──────── Listed records ────────

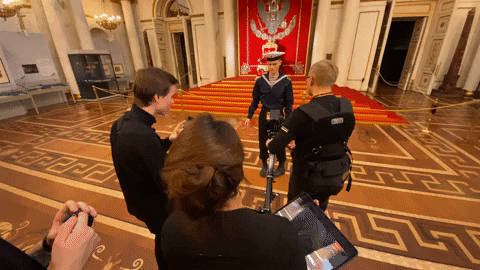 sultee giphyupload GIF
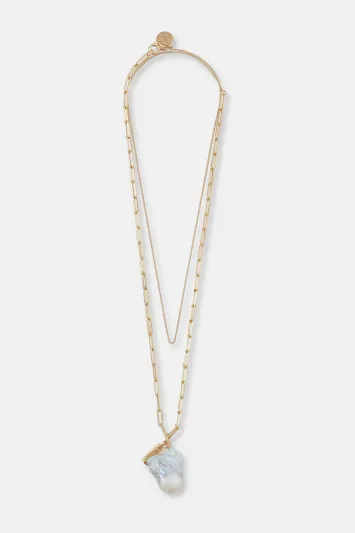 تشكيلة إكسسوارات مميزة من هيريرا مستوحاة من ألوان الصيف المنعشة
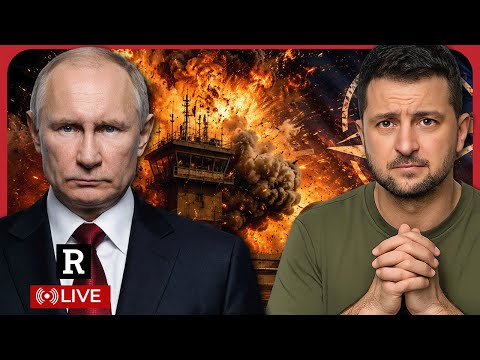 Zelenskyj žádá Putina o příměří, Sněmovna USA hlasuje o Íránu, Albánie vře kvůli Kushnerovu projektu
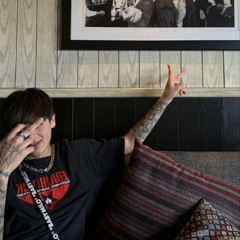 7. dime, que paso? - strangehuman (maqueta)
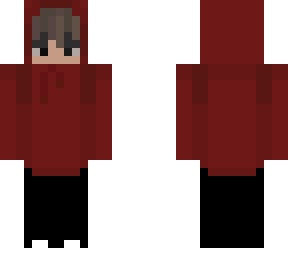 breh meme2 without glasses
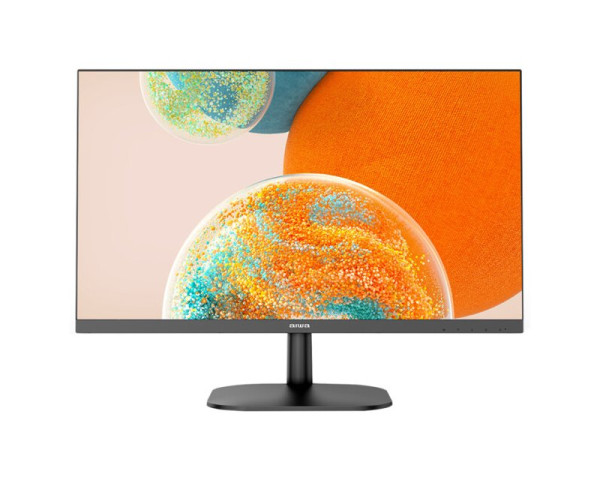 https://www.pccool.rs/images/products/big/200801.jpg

────────
──────── Listed records ────────

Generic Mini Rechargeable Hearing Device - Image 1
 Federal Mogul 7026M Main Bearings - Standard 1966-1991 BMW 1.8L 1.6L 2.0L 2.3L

────────

Exercise prompt: Copy out exactly the material that runs from the line with "sultee giphyupload GIF" to the line with "https://www.pccool.rs/images/products/big/200801.jpg", ends included, and leave the pictures behind.

Response area:
 sultee giphyupload GIF
 تشكيلة إكسسوارات مميزة من هيريرا مستوحاة من ألوان الصيف المنعشة
 Zelenskyj žádá Putina o příměří, Sněmovna USA hlasuje o Íránu, Albánie vře kvůli Kushnerovu projektu
 7. dime, que paso? - strangehuman (maqueta)
 breh meme2 without glasses
 https://www.pccool.rs/images/products/big/200801.jpg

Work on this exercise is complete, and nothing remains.